[Web page caption snippets]
==========

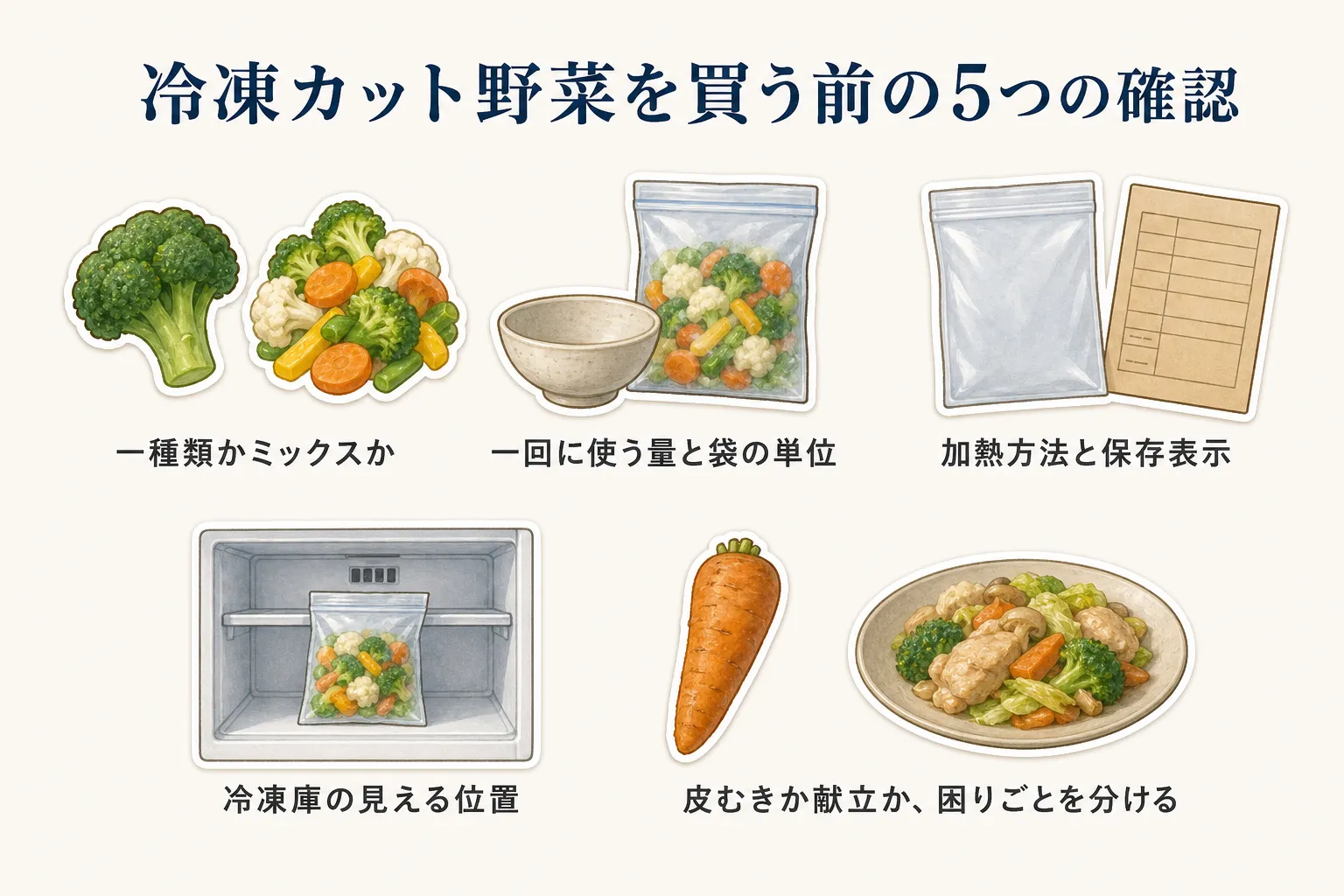 冷凍カット野菜を買う前の5つの確認として、一種類かミックスか、一回に使う量と袋の単位、加熱方法と保存表示、冷凍庫の見える位置、皮むきか献立か困りごとを分けることを示した図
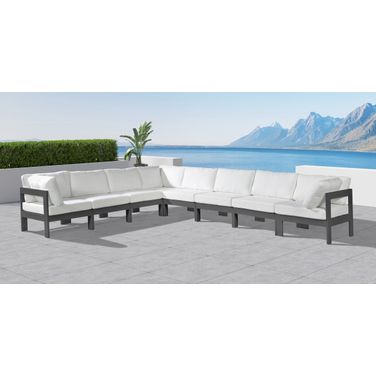 Nizuc Water Resistant Fabric Outdoor Patio 8 Piece Modular Sectional In White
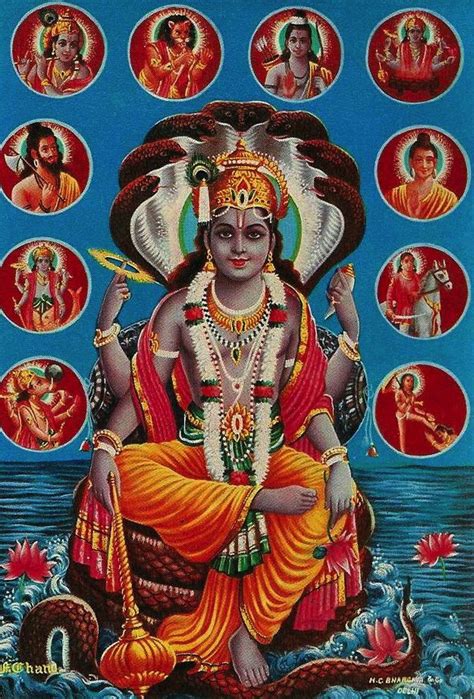 Lord Vishnu With The Ten Avatars Gods Pinterest Hinduism Hands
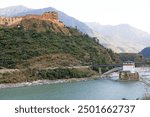 Wangdue Phodrang Dzong ruins, Bhutan. The dzong was built in 1638 by Shabdrung Ngawang Namgyal. The dzong was burn down by a fire in June 2012.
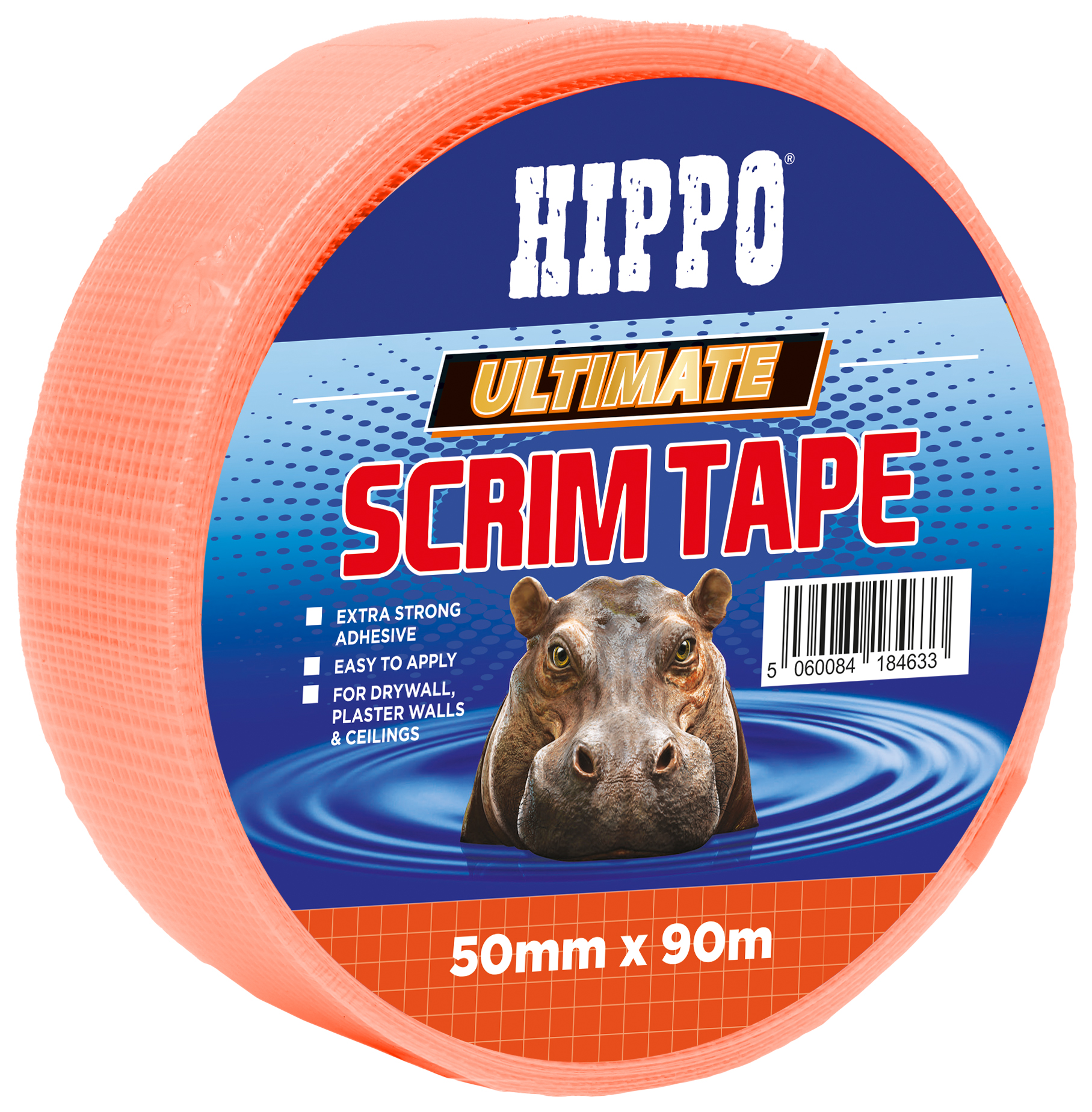 Hippo Ultimate Orange Scrim Tape - 50mm x 90m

==========

__INSTRUCTIONS TO FOLLOW__
In the data above, find the line containing "Lord Vishnu With", then output it and every later line exactly, without the pictures.

__WRITTEN ANSWER__
 Lord Vishnu With The Ten Avatars Gods Pinterest Hinduism Hands
 Wangdue Phodrang Dzong ruins, Bhutan. The dzong was built in 1638 by Shabdrung Ngawang Namgyal. The dzong was burn down by a fire in June 2012.
 Hippo Ultimate Orange Scrim Tape - 50mm x 90m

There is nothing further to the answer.